British Columbia

District debates whether councillors should disclose developers' donations

The policy, if enacted, would go further than any other Metro Vancouver municipality for disclosure rules.

Policy, if enacted, would go further than any other Metro Vancouver municipality; motion was deferred Monday

The District of North Vancouver's last municipal election centred around the pace of growth in the predominantly suburban community. (Justin McElroy/CBC)

A precedent-setting motion by a District of North Vancouver councillor on disclosing donations from developers was deferred on Monday night. 

Coun. Jim Hanson's motion argued it would "foster greater transparency and accountability" if staff put together a policy that would do the following:

  • If a development proposal comes forward to a vote, make councillors disclose prior to the vote what donations they got from people associated with the applicant company. 
  • Put an online link on each councillor's biography linking to campaign disclosure statements.
  • Encourage councillors to recuse themselves from votes involving development companies that had owners, directors, employees who gave them money, or family members of those groups.

The policy, if enacted, would go further than any other Metro Vancouver municipality for disclosure rules. 

However, it was sent back to a future workshop meeting following a 90-minute debate.

'Justice … must be seen to be done'

Corporate and union donations to municipal politicians were banned prior to last election, but owners, employees and family members of development companies can still donate the maximum $1,200 to councillors.

Hanson said that could create the perception of a conflict of interest on contentious land-use debates.

"Justice must not only be done, but must be seen to be done," he said. 

"The feedback that has come to me is for people to receive money from a development company, directly or indirectly, and then to sit in a quasi-judicial role ... as judges of rezoning, puts forward an appearance of conflict. And I believe we can set ourselves to a higher standard."

'It's all about politics' 

Hanson's report to council specifically cited the Building Bridges party, which includes Coun. Mathew Bond, as a recepient of donations "from persons associated with corporations engaged in real estate development."

Last year's election campaign in the District of North Vancouver centred around the pace of development, and Bond accused the motion of being politically motivated. 

"The most transparent thing about this motion is it has nothing to do with transparency: It's all about politics," he said. 

Bond argued that the district already had appropriate code of conduct rules that guided councillors, and argued that if council was concerned about disclosing conflict of interests, it should extend the legislation to include ties to businesses or unions that could benefit from council votes. 

"This motion doesn't address those perceptions of interest," he said. 

District of North Vancouver Mayor Mike Little says he approved the spirit of the motion, and supported some of the clauses, but said it was too broad as written. (Christian Amundson/CBC)

Division, confusion, referral

Hanson's motion, as presented, failed to receive full support for all its parts.

Councillors were divided on whether the motion should explicitly mention the development community, or extend more broadly to other businesses that could have vested interests in decision by council. 

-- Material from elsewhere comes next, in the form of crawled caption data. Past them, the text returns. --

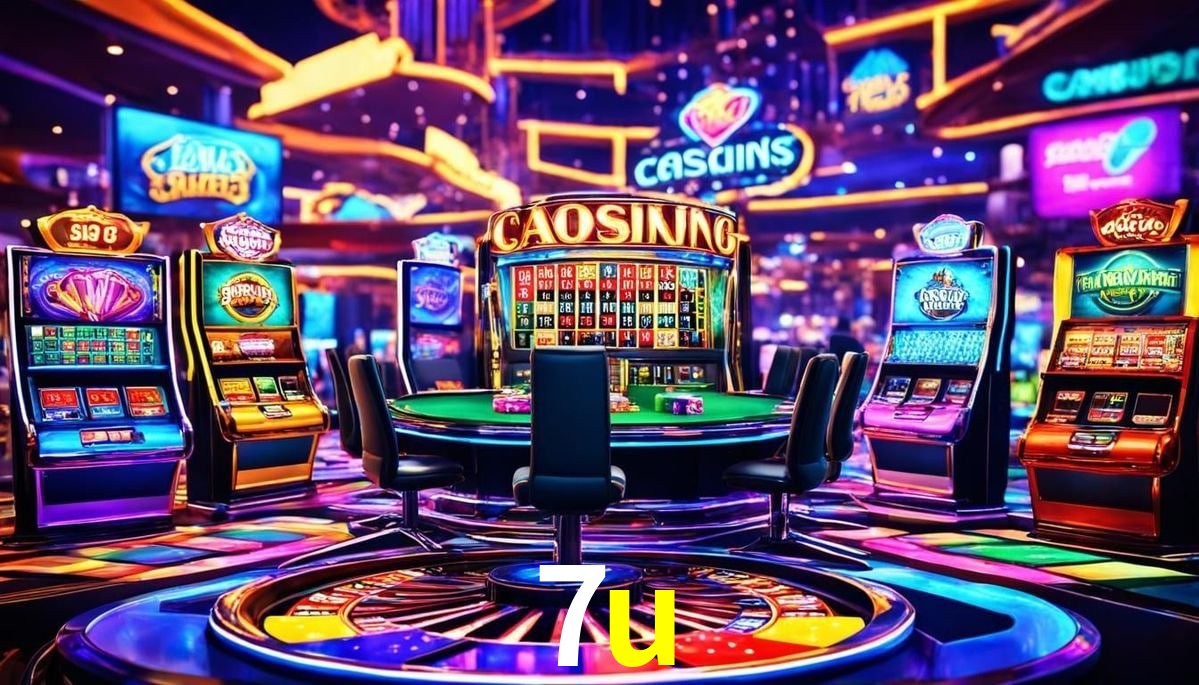 Jogos de Slot 7u
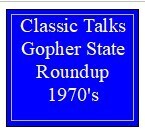Classics from the 1970's at Gopher State Roundup
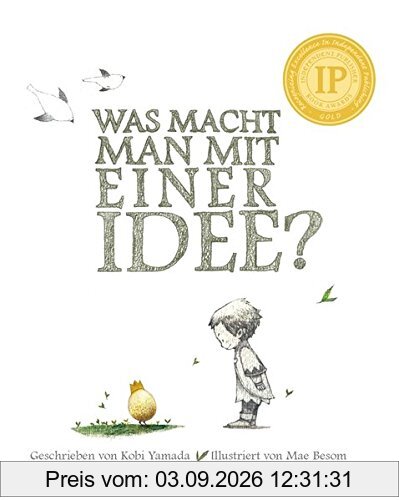 Was macht man mit einer Idee?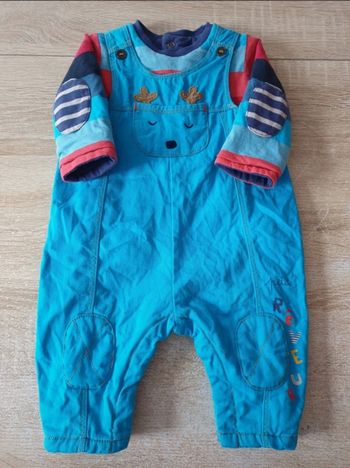 Combinaison Catimini - 3 mois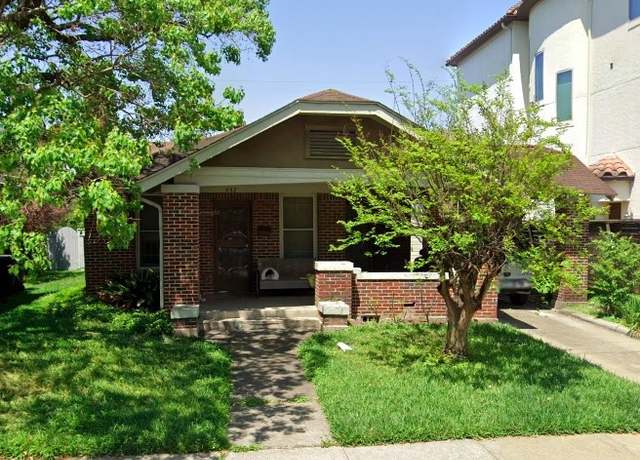 Property at 402 W Bell St, Houston, TX 77019, 2 beds, 1 bath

In addition, Mayor Mike Little said the parts involving councillors having to proactively disclose connections before any vote — and connections including employees and employee family members — were too vague to be implemented effectively.

However, he applauded the overall spirit of the motion. 

"Far too often we've seen patterns where people who have proposals coming to council are donating to campaigns. They're not donating out of the kindness of their heart," he said. 

"There's no confusion on the part of the donor over why they're campaigning ... in some cases, they have a vested interest."